‘Paul Cheshire, Max Nathan, and Henry Overman recognize the large disconnect between urban economics and urban policy, and their book is intended to help bridge that gap. It is the authors’ general contention that “urban economists have to date contributed very little to the development and evaluation of real-world urban policy” (p. 1). While I think there are some notable counterexamples to which I return below, I largely agree with this claim. In addition, the authors believe that urban economics, particularly modern urban economics, has much value to add to policy making. Here, I think the case is less clear-cut, but the authors present it well. Given the authors’ purpose, readers of this book can expect a nontechnical summary of recent research in urban economics, with a clear and complete explanation of what it implies for urban policymaking. This is precisely what the authors deliver, so readers should not expect new findings from this extremely accomplished research team; instead they get careful synthesis, interpretation,and policy recommendations. As such the book will be of most value to students and practitioners in fields that do have a lot of influence in urban policy, especially planning and government.'
– Andrew Haughwout, Journal of Regional Science
‘The book is among the most effective critiques of contemporary urban planning thought, characterized by such approaches as urban containment, compact city, and densification.’

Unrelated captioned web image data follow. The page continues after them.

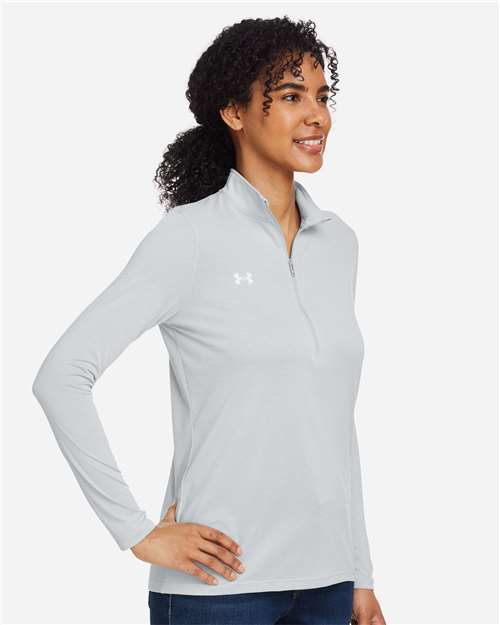 Under Armour Women's Team Tech™ Half-Zip Pullover 1376862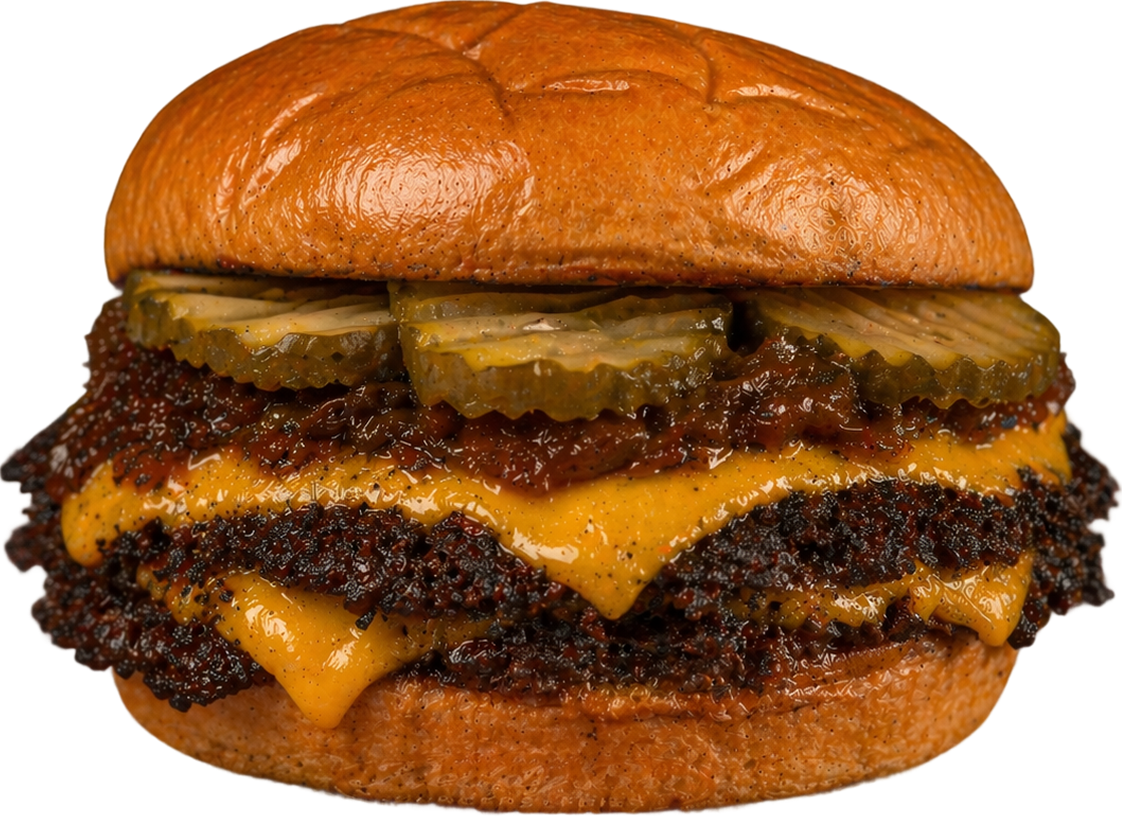 Hamburguesa Gourmet 2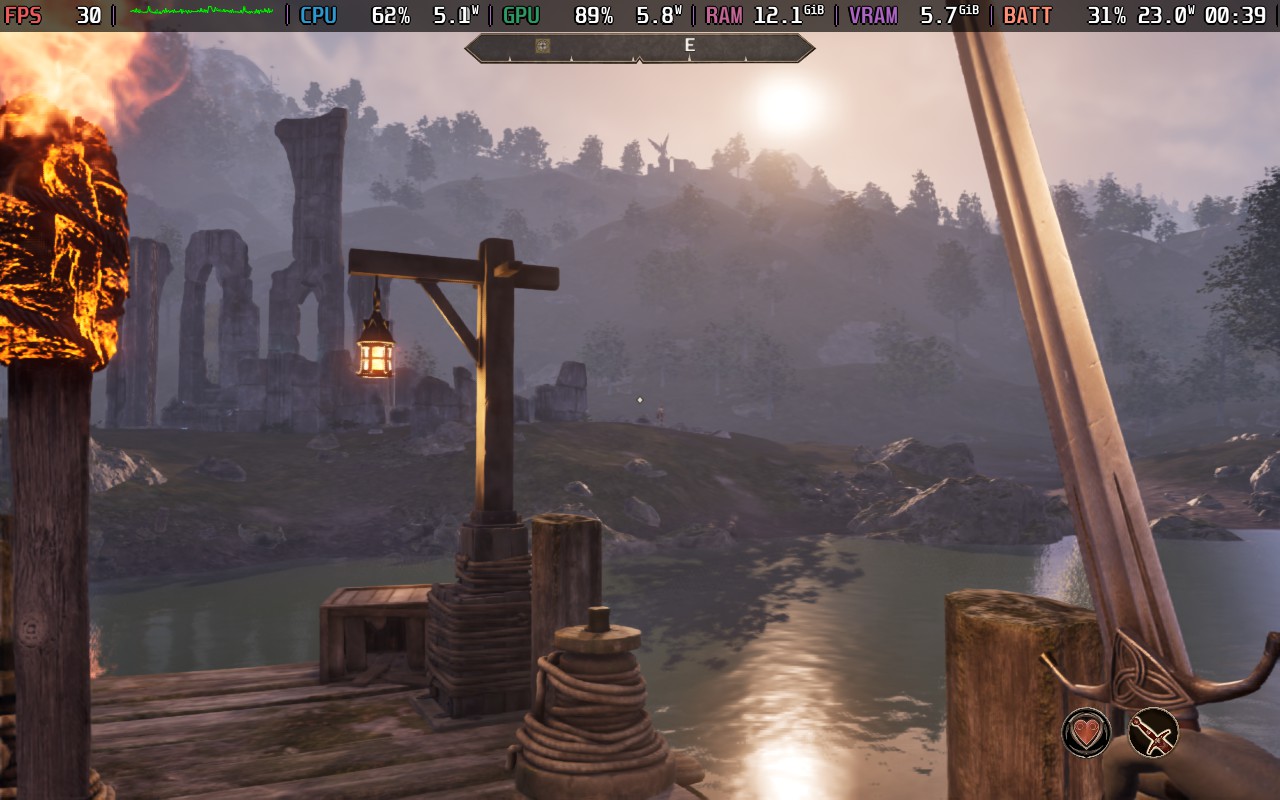 The Elder Scrolls 4: Oblivion Remastered Is Mostly Solid on the Steam Deck - First Look 7 TheElderScrolls4OblivionRemasteredPreview 15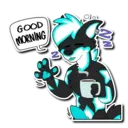 sticker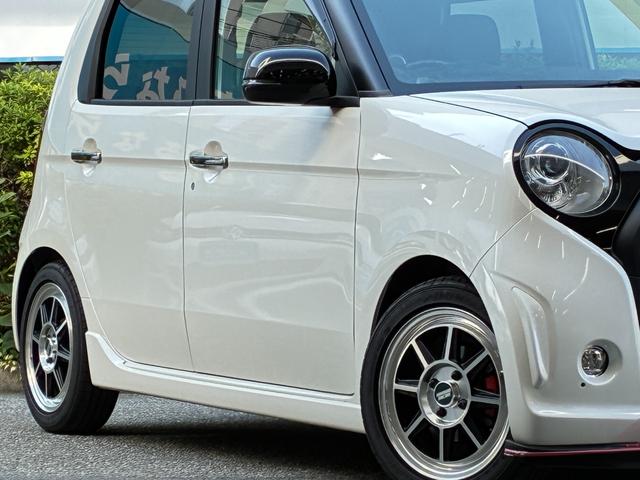 N-ONE モデューロX ユーザー買取・禁煙・社外ナビ・フルセグテレビ・クルーズコントロール・ブーストメーター・外Fスポイラー・外足回り・パドルシフト・コンビシート・ETC・外15インチアルミホイール・内外装クリーニング済み(46枚目)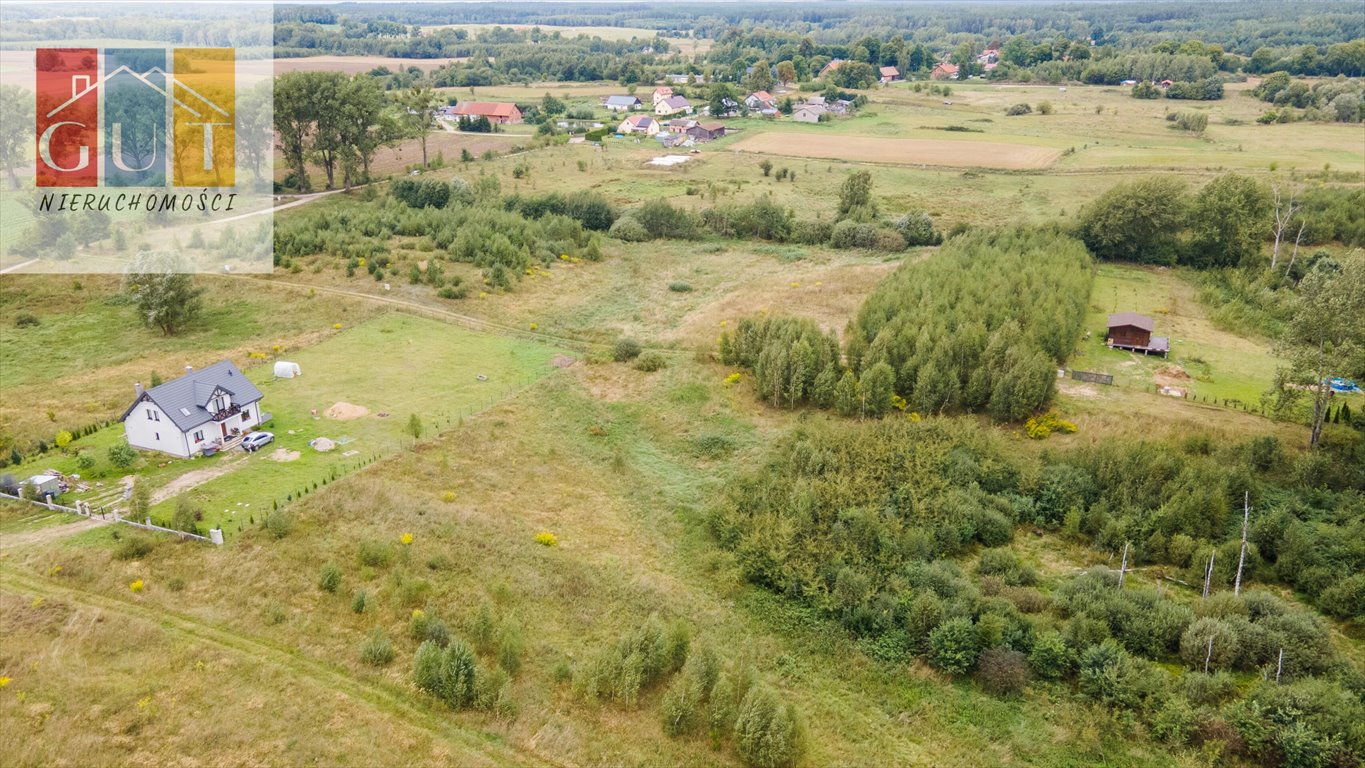 Działka budowlana na sprzedaż Elgnówko  3 190m2 Foto 6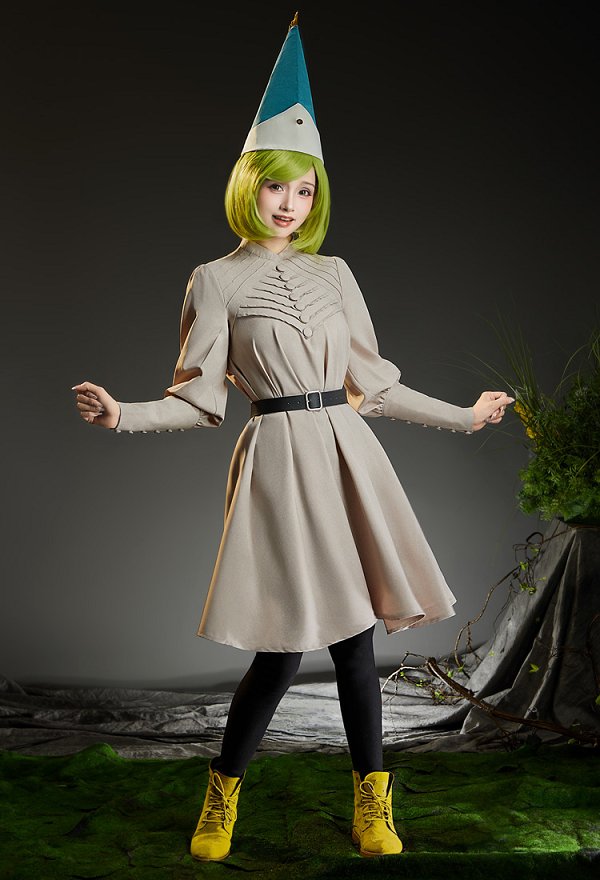 とんがり帽子のアトリエ ココ コスプレ 衣装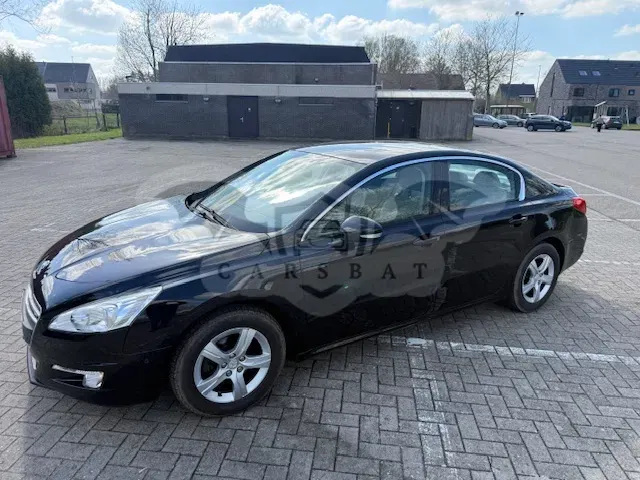 Peugeot 508 1.6 HDI Active 2011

– Wendell Cox, New Geography
‘Urban Economics and Urban Policy pulls together cutting-edge developments in urban and regional economics and draws out their implications for urban policy. This new urban economics goes beyond simple comparative advantage and cost competitiveness of cities, and beyond simple views of capital and labor. It develops a much more complex and realistic view of what constitutes local advantage, due to the spatial sorting of different types of people and different types of firms, giving rise to a lumpy landscape of people, activities, and incomes. By taking seriously the new ways we understand the forces shaping the geography of economic development, the authors suggest fresh new ways to work with the grain of markets, but without letting them rip. It is a tour de force.’
– Michael Storper, London School of Economics and Political Science, UK
This is a terrific book that summarises the state of economic knowledge about urban economies but – as it also acknowledges – there is much we don’t understand. . . Urban Economics and Urban Policy provides an invaluable foundation for the debate ahead.